Num horizonte temporal de 10 anos, o capital de risco (VC) europeu gerou retornos de 17,2%, contra 13,1% do capital de risco (VC) norte-americano. O Fundo Europeu de Investimento confirma que a maioria das “vintages” desde 2008 gerou retornos positivos.
A perceção errada deve-se ao facto de os retornos demorarem mais de 10 anos a materializar-se e de o DPI (Distributed to Paid-In Capital) ter abrandado globalmente desde 2021. O apetite dos LPs está agora a aumentar, o que serve de indicador antecipado para futuros levantamentos de fundos. A narrativa está a mudar, mas precisa de mais saídas visíveis para ganhar tração entre os decisores políticos.
A tecnologia em defesa está a atrair muito capital. Esta mudança é conjuntural ou representa uma verdadeira reconfiguração industrial da Europa?
Isto é reconfiguração industrial. O financiamento em tecnologia de defesa aumentou 55% de ano para ano, atingindo os 1,6 mil milhões de dólares em 2025, com os governos da UE a comprometerem-se com mais 800 mil milhões de euros em investimento na área da defesa até 2030.

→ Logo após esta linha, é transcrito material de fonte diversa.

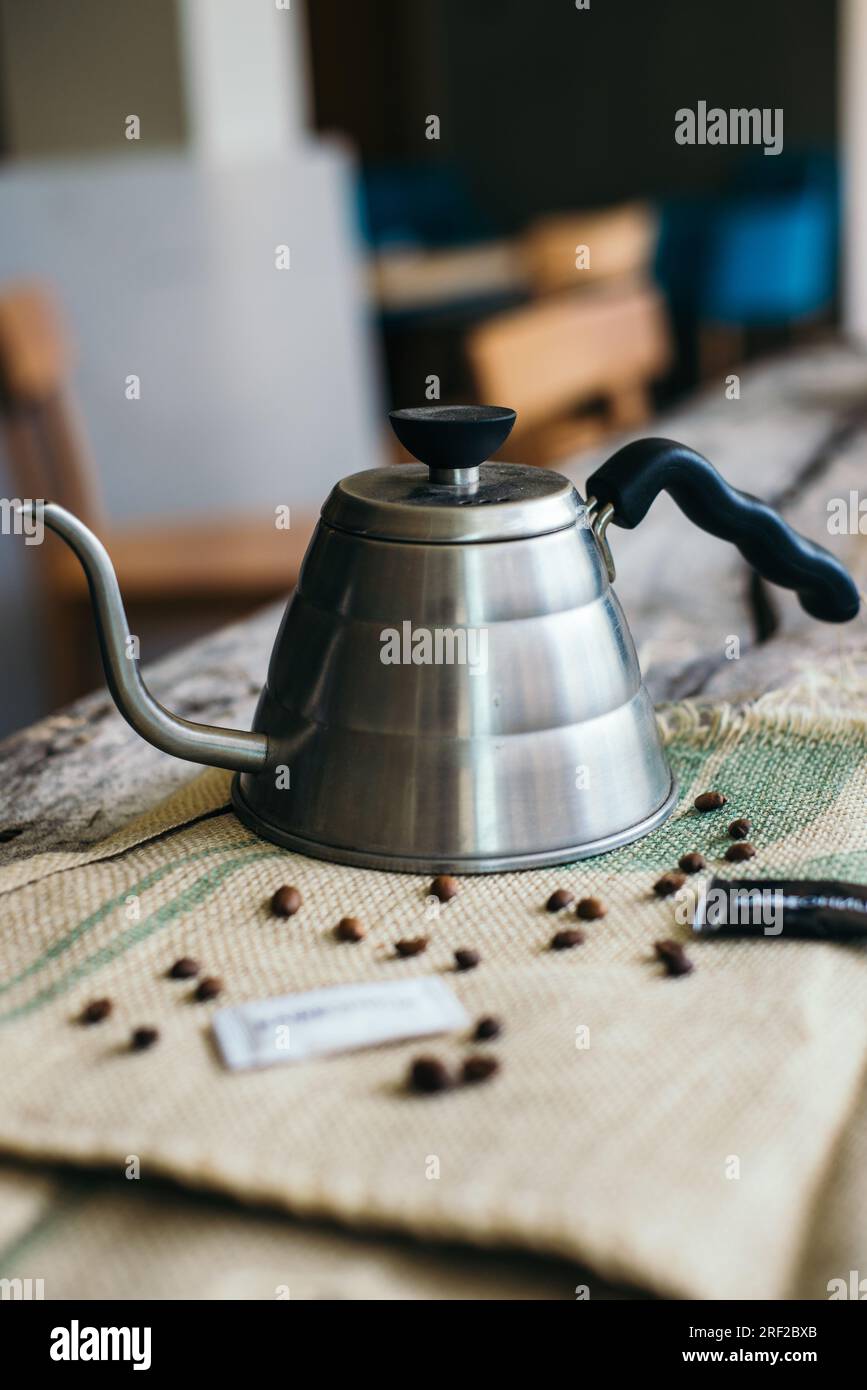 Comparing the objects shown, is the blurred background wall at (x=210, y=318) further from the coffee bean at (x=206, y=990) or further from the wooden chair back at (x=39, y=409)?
the coffee bean at (x=206, y=990)

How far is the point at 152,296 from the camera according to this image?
2854 millimetres

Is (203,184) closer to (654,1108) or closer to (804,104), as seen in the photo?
(654,1108)

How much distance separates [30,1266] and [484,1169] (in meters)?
0.15

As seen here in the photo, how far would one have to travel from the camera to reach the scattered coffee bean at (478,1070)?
19.7 inches

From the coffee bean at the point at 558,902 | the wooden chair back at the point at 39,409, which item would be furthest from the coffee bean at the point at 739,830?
the wooden chair back at the point at 39,409

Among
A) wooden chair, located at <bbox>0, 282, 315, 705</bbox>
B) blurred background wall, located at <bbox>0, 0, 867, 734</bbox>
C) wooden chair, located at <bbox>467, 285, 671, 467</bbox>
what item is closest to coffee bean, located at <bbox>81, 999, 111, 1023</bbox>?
blurred background wall, located at <bbox>0, 0, 867, 734</bbox>

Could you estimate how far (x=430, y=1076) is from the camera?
0.49 meters

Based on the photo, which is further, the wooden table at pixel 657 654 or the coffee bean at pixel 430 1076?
the wooden table at pixel 657 654

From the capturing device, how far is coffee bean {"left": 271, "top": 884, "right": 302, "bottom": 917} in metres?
0.62

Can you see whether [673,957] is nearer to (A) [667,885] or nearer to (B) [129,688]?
(A) [667,885]

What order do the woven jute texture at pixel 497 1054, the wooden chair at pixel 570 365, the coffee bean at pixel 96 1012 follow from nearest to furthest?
the woven jute texture at pixel 497 1054
the coffee bean at pixel 96 1012
the wooden chair at pixel 570 365

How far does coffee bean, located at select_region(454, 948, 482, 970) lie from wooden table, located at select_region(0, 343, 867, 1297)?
5.8 inches

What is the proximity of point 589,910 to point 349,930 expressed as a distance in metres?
0.10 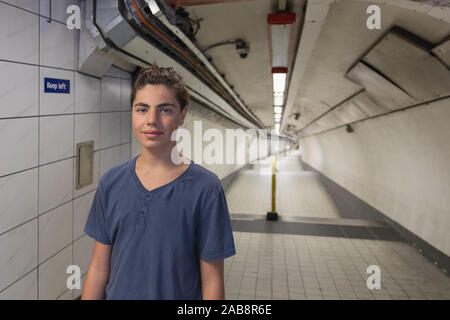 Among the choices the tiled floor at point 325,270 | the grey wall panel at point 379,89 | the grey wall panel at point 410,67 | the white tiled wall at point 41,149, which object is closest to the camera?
the white tiled wall at point 41,149

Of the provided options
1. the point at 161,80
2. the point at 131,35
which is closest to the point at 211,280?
the point at 161,80

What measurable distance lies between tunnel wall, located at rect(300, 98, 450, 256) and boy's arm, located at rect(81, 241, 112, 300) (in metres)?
3.96

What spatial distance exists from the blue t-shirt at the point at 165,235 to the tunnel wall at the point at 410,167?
362 cm

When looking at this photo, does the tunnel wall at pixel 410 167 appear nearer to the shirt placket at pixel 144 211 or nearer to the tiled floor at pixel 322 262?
the tiled floor at pixel 322 262

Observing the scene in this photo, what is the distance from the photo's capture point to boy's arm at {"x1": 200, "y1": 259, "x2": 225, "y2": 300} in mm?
1269

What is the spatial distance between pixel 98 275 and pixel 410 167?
5298 mm

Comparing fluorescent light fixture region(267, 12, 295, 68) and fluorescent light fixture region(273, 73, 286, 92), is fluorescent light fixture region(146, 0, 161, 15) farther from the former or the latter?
fluorescent light fixture region(273, 73, 286, 92)

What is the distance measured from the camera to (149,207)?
1250 mm

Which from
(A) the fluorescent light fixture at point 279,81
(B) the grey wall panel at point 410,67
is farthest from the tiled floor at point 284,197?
(B) the grey wall panel at point 410,67

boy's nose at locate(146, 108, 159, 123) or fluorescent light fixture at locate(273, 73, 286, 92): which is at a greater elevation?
fluorescent light fixture at locate(273, 73, 286, 92)

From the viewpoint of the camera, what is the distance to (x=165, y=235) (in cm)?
122

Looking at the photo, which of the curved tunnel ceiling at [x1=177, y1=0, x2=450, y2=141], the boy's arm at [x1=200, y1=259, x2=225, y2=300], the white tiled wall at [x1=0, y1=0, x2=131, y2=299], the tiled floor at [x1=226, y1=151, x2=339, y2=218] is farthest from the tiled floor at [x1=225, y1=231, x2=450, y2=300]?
the tiled floor at [x1=226, y1=151, x2=339, y2=218]

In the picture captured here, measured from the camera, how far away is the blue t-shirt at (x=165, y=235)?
4.01 ft

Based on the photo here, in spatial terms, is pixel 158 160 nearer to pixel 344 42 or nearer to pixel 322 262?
pixel 344 42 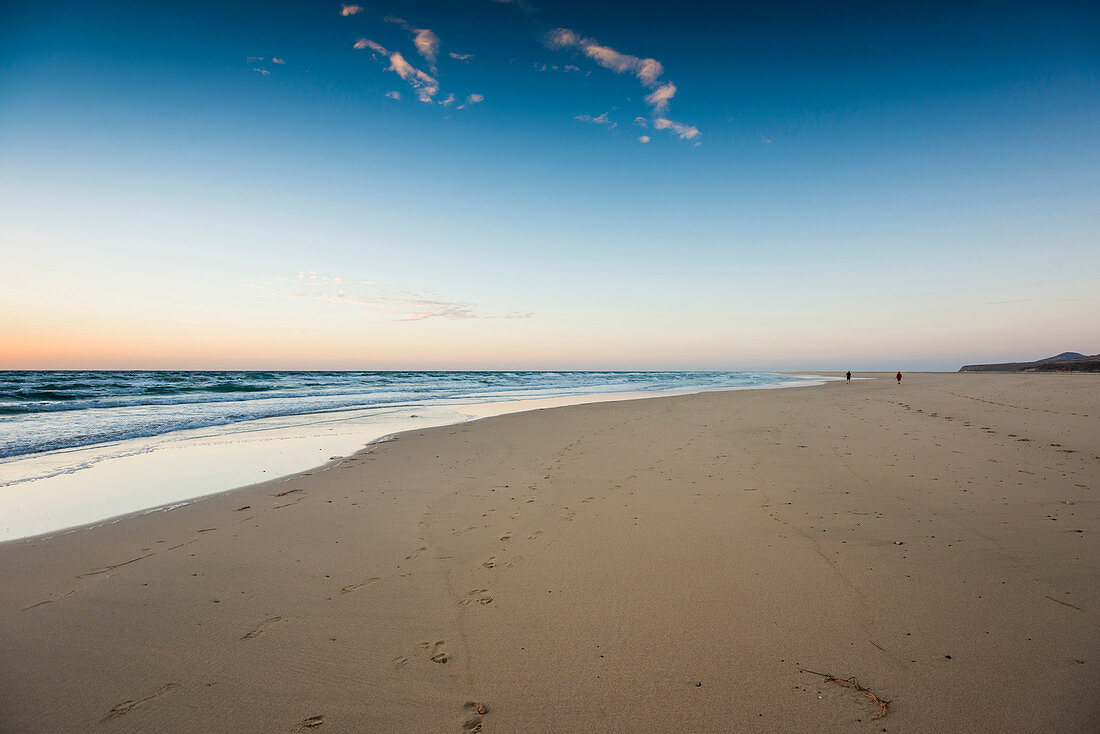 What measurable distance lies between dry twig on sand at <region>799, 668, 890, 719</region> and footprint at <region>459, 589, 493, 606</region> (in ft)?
6.97

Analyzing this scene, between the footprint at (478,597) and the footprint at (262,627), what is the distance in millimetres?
1294

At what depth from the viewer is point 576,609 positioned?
11.2 ft

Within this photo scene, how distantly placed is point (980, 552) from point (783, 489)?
226 cm

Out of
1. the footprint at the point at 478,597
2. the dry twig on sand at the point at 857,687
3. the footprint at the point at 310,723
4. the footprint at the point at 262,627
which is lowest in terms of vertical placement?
the footprint at the point at 310,723

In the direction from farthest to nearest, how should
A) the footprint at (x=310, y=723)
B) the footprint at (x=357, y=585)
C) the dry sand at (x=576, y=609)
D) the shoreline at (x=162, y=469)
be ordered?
the shoreline at (x=162, y=469) < the footprint at (x=357, y=585) < the dry sand at (x=576, y=609) < the footprint at (x=310, y=723)

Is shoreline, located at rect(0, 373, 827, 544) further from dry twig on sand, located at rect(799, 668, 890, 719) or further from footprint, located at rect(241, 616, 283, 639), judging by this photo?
dry twig on sand, located at rect(799, 668, 890, 719)

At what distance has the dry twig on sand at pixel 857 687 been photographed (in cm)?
238

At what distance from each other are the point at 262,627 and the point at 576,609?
220cm

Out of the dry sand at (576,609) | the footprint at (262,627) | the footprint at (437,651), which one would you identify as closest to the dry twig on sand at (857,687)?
the dry sand at (576,609)

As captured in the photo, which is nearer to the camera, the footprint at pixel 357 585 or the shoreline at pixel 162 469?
the footprint at pixel 357 585

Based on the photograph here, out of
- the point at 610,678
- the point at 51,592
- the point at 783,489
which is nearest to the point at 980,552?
the point at 783,489

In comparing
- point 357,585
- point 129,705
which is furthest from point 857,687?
point 129,705

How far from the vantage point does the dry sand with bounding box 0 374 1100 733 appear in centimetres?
246

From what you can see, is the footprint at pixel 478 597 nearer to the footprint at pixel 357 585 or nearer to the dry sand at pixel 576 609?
the dry sand at pixel 576 609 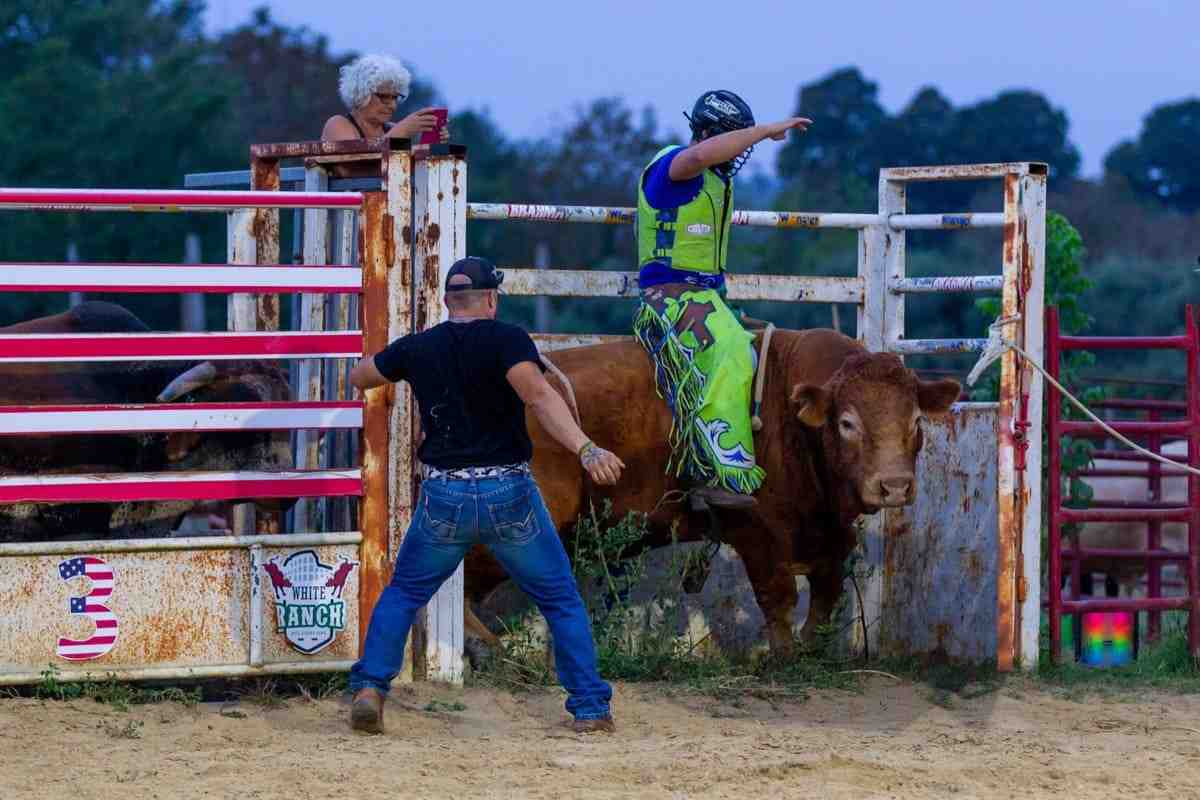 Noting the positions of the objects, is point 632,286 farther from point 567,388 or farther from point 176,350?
point 176,350

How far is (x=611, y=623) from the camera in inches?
299

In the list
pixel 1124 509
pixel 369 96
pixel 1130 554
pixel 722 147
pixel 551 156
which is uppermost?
pixel 551 156

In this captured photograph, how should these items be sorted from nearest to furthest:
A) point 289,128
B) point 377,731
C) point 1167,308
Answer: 1. point 377,731
2. point 1167,308
3. point 289,128

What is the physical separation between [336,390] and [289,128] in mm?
39729

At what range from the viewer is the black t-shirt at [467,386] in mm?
6250

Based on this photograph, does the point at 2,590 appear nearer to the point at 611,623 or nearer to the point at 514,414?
the point at 514,414

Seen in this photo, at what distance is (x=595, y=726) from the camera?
251 inches

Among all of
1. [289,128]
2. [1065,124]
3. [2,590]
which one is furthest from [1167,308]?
[2,590]

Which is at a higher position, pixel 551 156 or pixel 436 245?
pixel 551 156

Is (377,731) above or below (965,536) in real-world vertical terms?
below

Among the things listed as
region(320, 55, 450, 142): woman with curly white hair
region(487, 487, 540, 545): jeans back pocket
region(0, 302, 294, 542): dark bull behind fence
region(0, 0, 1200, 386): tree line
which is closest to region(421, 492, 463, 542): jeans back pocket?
region(487, 487, 540, 545): jeans back pocket

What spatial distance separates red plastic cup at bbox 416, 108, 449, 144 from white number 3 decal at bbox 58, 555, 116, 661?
207cm

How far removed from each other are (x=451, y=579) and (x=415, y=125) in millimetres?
1821

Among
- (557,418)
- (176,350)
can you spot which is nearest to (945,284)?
(557,418) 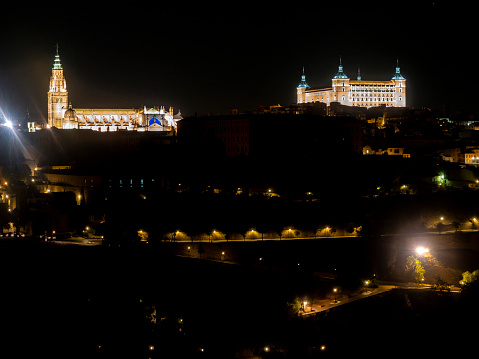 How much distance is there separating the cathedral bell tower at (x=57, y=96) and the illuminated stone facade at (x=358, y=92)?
18.2 m

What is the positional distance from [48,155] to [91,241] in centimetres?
1449

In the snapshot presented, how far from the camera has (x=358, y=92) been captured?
52.1 m

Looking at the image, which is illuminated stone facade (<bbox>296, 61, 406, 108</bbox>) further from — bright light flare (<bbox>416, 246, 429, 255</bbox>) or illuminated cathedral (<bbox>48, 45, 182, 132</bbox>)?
bright light flare (<bbox>416, 246, 429, 255</bbox>)

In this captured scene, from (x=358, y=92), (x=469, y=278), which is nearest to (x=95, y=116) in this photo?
(x=358, y=92)

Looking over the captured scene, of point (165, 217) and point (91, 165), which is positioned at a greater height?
point (91, 165)

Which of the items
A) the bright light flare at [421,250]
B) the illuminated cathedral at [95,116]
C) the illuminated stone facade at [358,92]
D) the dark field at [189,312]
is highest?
the illuminated stone facade at [358,92]

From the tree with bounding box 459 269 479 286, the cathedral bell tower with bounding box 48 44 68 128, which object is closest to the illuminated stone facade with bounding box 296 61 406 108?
the cathedral bell tower with bounding box 48 44 68 128

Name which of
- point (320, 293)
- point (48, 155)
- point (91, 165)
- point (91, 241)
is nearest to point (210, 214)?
point (91, 241)

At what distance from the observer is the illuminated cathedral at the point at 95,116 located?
40875 millimetres

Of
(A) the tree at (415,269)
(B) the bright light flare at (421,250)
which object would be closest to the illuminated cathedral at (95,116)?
(B) the bright light flare at (421,250)

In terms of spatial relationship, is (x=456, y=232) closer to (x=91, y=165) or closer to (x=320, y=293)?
(x=320, y=293)

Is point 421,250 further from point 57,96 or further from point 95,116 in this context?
point 57,96

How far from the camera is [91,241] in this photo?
17828 mm

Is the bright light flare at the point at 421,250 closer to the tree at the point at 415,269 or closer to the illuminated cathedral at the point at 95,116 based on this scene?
the tree at the point at 415,269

Em 2025, as empresas de defesa que utilizam a IA como tecnologia central representarão 41% de todo o investimento, contra apenas 4% em 2016. Empresas como a Helsing, a Tekever e a Quantum Systems ultrapassaram a fasquia de mil milhões de dólares em termos de valorização, enquanto investidores especializados, como a Keen Ventures, estão a angariar fundos dedicados. Tal indica um compromisso de longo prazo, impulsionado tanto pela necessidade geopolítica como pela oportunidade tecnológica.
A Europa investe apenas 9% da despesa pública em inovação, metade dos EUA. O que falta para desbloquear esta mudança cultural?
A Europa estabeleceu 20% como meta em 2014 e o desafio atual consiste em transformar esta ambição em ação, encarando o risco como um motor de crescimento e não como uma ameaça a gerir. A oportunidade económica é significativa: um aumento de cinco pontos percentuais poderia duplicar o PIB per capita.
Alterar a cultura da contratação pública significa apoiar empresas emergentes ao mesmo nível das já estabelecidas. A modernização dos quadros de contratação com orçamentos dedicados e metas claras para a participação de “startups” teria um impacto significativo. A contratação pública não só fornece financiamento, como também valida as empresas que provam o seu valor junto dos compradores europeus, ajudando-as a competir de forma mais eficaz a nível global. Com 42% dos inquiridos a considerarem difícil vender a grandes empresas e 25% a considerarem difícil vender ao setor público, ultrapassar essa barreira poderia desencadear um crescimento económico substancial.